INGELHEIM – Die Bürger und Bürgerinnen von Ingelheim haben bei einer Gedenkstunde der Opfer des Novemberpogroms von 1938 gedacht. Zahlreich folgten sie der Einladung des Deutsch-Israelischen Freundeskreis Ingelheim (DIF), der die Veranstaltung in Kooperation mit der Stadt Ingelheim vorbereitet hatte.
„Der 9. November bleibt ein Tag des Gedenkens an das Leid so vieler Juden: bei uns in Ingelheim, in Deutschland und in Europa“, gemahnte Oberbürgermeister von Ingelheim Ralf Claus (SPD) auf dem Synagogenplatz, auf dem eine Stele an die nicht mehr existierende Ingelheimer Synagoge erinnert. „Wir verneigen uns vor den Opfern der Shoah“, sagte Claus und wies auf den engen Zusammenhang zwischen „dem Gedenken und Mahnen sowie entsprechendem Handeln“. Die Stimmen der Opfer von damals seien nicht verstummt. Vor dem Hintergrund der gegenwärtig wachsenden Judenfeindlichkeit warnte der Oberbürgermeister vor einer schleichenden Vergiftung des sozialen Klimas. „Sie droht, den gesellschaftlichen Frieden zu gefährden. Das ist unerträglich und wir dürfen es nicht hinnehmen.“ Daher sei es gut, dass viele engagierte Menschen und initiativen in der Stadt den Konsens pflegen und den Auftrag, sich jeglichem Antisemitismus und Fremdenfeindlichkeit entgegenzustellen, in aktives Handeln umsetzen. Auch die vor vier Jahren vom Stadtrat gefasste Ingelheimer Resolution bleibe eine Selbstverpflichtung.
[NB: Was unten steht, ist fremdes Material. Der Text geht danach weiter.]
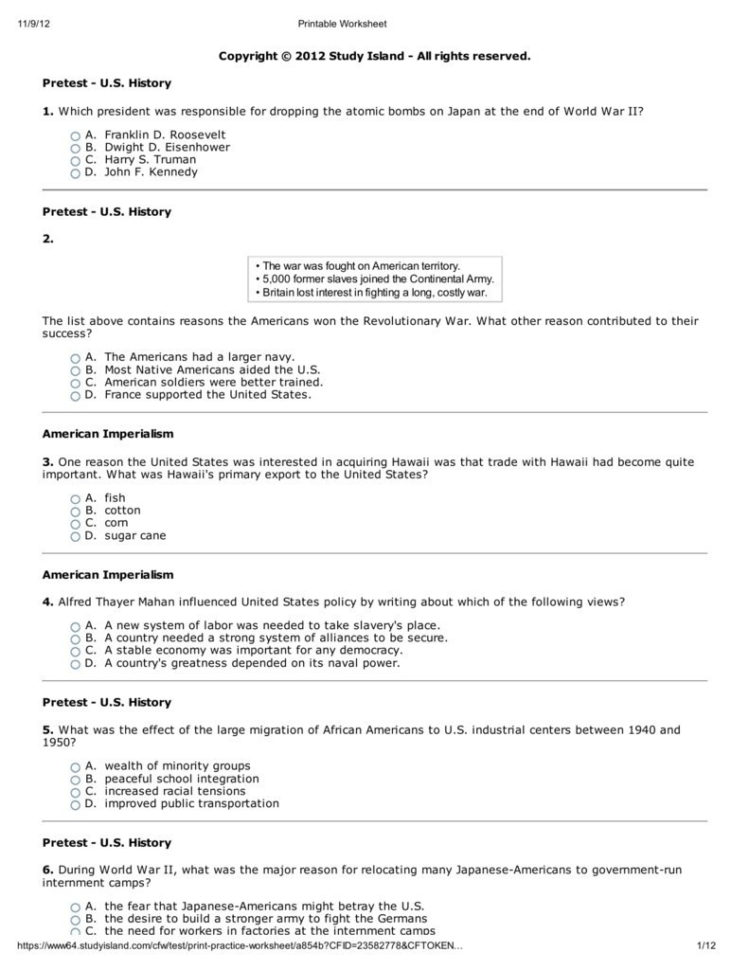 The United States Entered World R 1 Worksheet Answers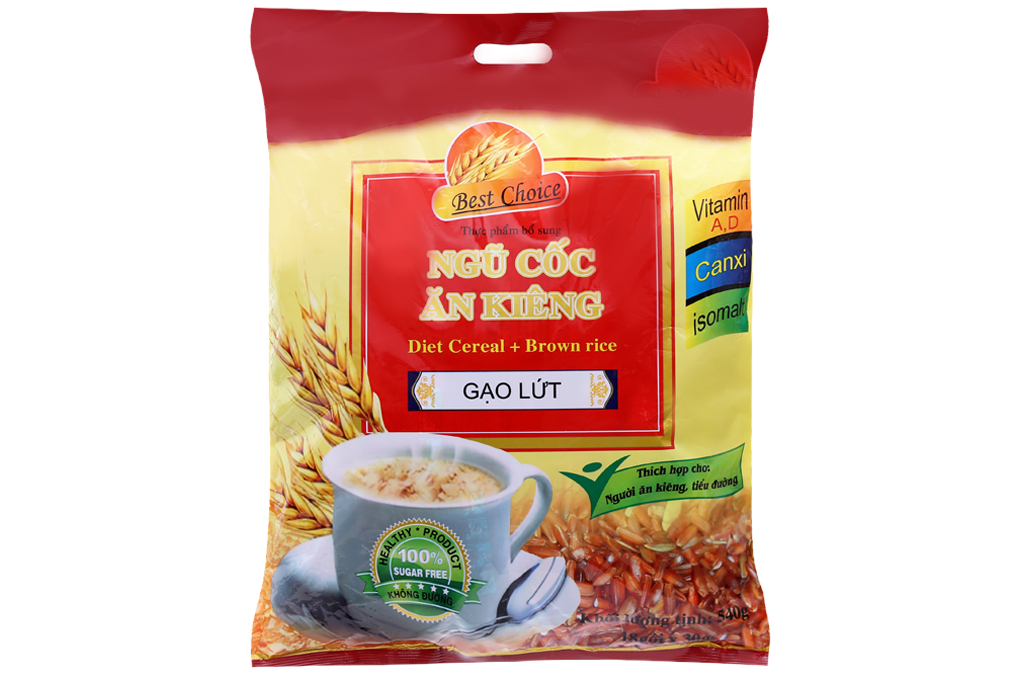 Ngũ cốc ăn kiêng gạo lứt Best Choice gói 540g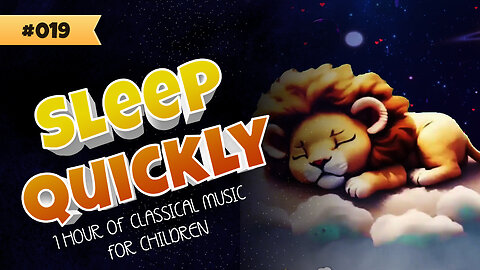 Lullabies for Children's Sleepovers and Bedtime Stories #019 ♫😴 - 1 HOUR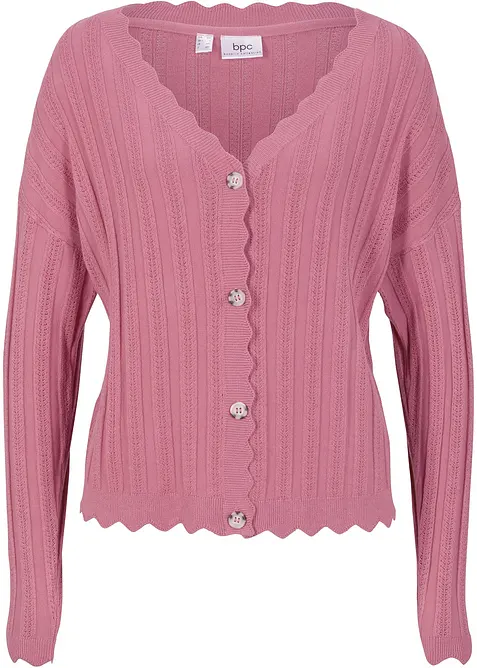 Kurze Ajour-Strickjacke, bonprix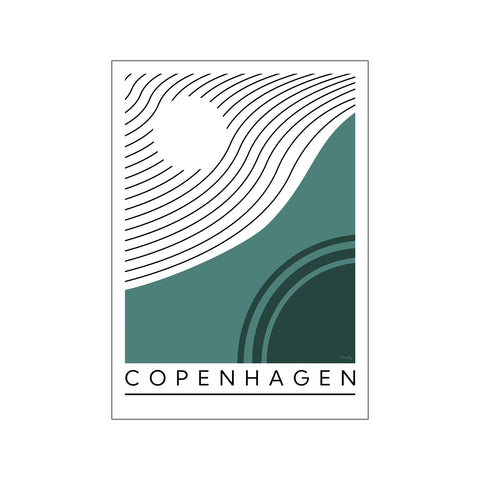 Copenhagen sunset — Art print by Pincely from Poster & Frame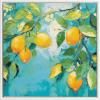 imageKate and Laurel Sylvie Beaded Lemon Tree Vintage Framed Canvas Wall Art by The Creative Bunch Studio 30x30 White Decorative Fruit Tree Art for WallWhite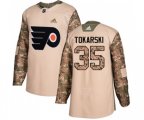 Adidas Philadelphia Flyers #35 Dustin Tokarski Authentic Camo Veterans Day Practice NHL Jersey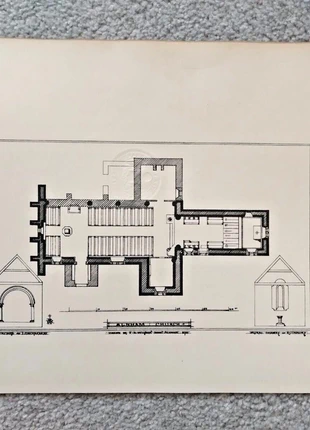 Church of st michael, alnham - antique/vintage print - 1870, brand: NO LABEL, condition: Good, £7.49, £8.56 includes Buyer Protection Pro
Er wolle nicht näher auf die Massaker und die Folgen sowohl für die Juden als auch für die Palästinenser eingehen, führte Vorsitzender des DIF, Klaus Dürsch, in seiner Rede, aus. „Angesichts des Krieges besteht die Gefahr, in einen Teufelskreis der Rechtfertigung zu geraten.“ Stattdessen fragte er unter Zuhilfenahme einer historischen Untersuchung zu Täterschaft und Verbrechen an Juden während des Holocausts: „Lässt sich in einer demokratischen Gesellschaft ausschließen, dass Menschen dazu angestachelt werden, solche Massenmorde zu begehen?“ Dies bleibe eine Herausforderung. „Wir müssen genau schauen, was in den Schulbüchern steht und was die Lehrer unterrichten, oder wohin unsere Spenden fließen.“ Das können die Gesellschaft und der Staat leisten. Einen Wandel in den Köpfen zu erreichen, bleibe hingegen eine herausfordernde Aufgabe.
In ihrem bewegenden Beitrag berichteten Schülerinnen und Schüler der IGS Kurt Schumacher in Ingelheim von der Begegnung mit der 89-jährigen Holocaust-Überlebenden, Henriette Kretz, die die Schule im vergangenen Frühjahr besuchte. Musikalisch gestaltete die Gedenkstunde das Ensemble „Querbeet 124“.